EXERCISE OBJECTIVE — Read through the material below and copy each line in which the word "Retro" occurs.

DATA FOR THIS TASK —
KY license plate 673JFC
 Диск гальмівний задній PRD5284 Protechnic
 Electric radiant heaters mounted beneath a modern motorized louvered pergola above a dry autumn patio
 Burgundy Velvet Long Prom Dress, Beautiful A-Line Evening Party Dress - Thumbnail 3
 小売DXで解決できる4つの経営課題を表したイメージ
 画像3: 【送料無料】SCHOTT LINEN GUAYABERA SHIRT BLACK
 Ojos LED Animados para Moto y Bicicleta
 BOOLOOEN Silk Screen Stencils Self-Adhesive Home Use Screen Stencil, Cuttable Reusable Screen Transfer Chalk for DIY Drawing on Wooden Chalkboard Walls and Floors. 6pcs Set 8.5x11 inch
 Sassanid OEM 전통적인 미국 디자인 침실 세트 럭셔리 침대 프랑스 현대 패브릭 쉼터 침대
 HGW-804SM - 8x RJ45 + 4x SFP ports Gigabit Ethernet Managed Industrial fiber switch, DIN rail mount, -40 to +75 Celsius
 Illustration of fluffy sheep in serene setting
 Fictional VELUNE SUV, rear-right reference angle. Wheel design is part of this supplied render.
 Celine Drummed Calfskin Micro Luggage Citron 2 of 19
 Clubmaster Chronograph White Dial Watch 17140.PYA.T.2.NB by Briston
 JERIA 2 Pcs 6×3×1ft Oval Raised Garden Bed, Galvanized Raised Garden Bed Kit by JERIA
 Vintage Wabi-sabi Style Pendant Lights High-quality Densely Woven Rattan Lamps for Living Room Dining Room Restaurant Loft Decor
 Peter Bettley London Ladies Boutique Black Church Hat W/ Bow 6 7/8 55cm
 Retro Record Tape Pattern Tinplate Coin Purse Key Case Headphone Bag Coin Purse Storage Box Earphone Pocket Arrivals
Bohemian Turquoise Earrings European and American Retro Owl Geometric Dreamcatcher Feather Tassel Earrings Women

ANSWER SPACE —
 Retro Record Tape Pattern Tinplate Coin Purse Key Case Headphone Bag Coin Purse Storage Box Earphone Pocket Arrivals
Bohemian Turquoise Earrings European and American Retro Owl Geometric Dreamcatcher Feather Tassel Earrings Women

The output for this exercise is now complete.